Currently, the Mizar language and logic is mainly oriented at human users. The large number of human-friendly linguistic and logical features makes it unsuitable as a direct input for today’s automated theorem systems, which work in relatively simple formalisms such as untyped first-order logic, and use simple Prolog-style languages such as the TPTP standard. Suitable layers and interfaces for correct bi-directional communication with such automated systems are being worked on, in particular we can mention the work with the TPTP format and its Mizar-oriented MPTP extension [49]. Since 2005 Mizar has been using an XML-based semantic internal layer, and this layer has been gradually enhanced to serve also a number of external applications. Objects on this layer are fully semantically disambiguated, i.e., there is no use of overloading, all term and formula constructors are linked to their definitions, and full types of terms are computed. This layer is already used for exporting the Mizar formulas to ATP systems, but it is machine-oriented and so far cannot be used for importing the ATP proofs and for writing human-readable texts. Another issue is that this layer so far does not contain complete information about how proofs were done in Mizar. This makes it difficult to replay the Mizar proofs in other systems, and also to learn from such proofs. Many Mizar mechanisms, such as the use of registrations, identities, requirements, and sometimes also definitions, are implicit, and they become explicit only during the process of verification.

The Mizar developers have started research focused on producing a version of a “strict” semantic Mizar layer [14], where no variables are reserved, all implicit mechanisms (registrations, identities, definitional expansions, etc.) used in the proofs can be made explicit before each proof (or even formula), and overloaded symbols are replaced by their unique synonyms. Such unique synonyms will be introduced either automatically, analogously to the current semantic names, or by suitable syntactic conventions in the Mizar language.

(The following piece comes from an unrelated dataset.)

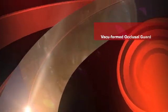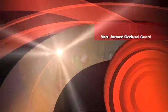This is Dr. James Dillap with the University of Colorado School of Dental Medicine with a video snippet on the fabrication of a vacuformed occlusal guard.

This should allow at least an initial import of the ATP proofs and their verification in Mizar, which is currently not possible, because such proofs may merge very different parts of the MML. Such different parts of the library are currently only mutually consistent on the semantic level, but it is a very nontrivial task (similar, e.g., to merging the notation of two different mathematical theories) to combine such parts also with respect to the overloaded notational mechanisms. Such a layer should in turn allow to construct a chain of Mizar presentation improving utilities (similar to those that already exist for maintaining the MML) that will work on the verified proofs in this layer, and try to make the proofs more human-readable and mathematical by introducing common (possibly overloaded) notation, common names for variables (using reservations), common type mechanisms (such as registrations) for multiple proofs, etc.

Such an approach seems useful not just for importing the semantically encoded proofs produced by ATP systems, but also as a method for automatic merging of different parts of the MML. This is a common task that naturally arises when maintaining a large mathematical library like the MML, and which currently requires a lot of human effort, again because of clashing notational conventions. Such merged developments may first be exported into the “strict” semantic layer and verified there for correctness. After that, the presentation-improving utilities can attempt to automatically construct a common human-friendly notational layer for such merged articles.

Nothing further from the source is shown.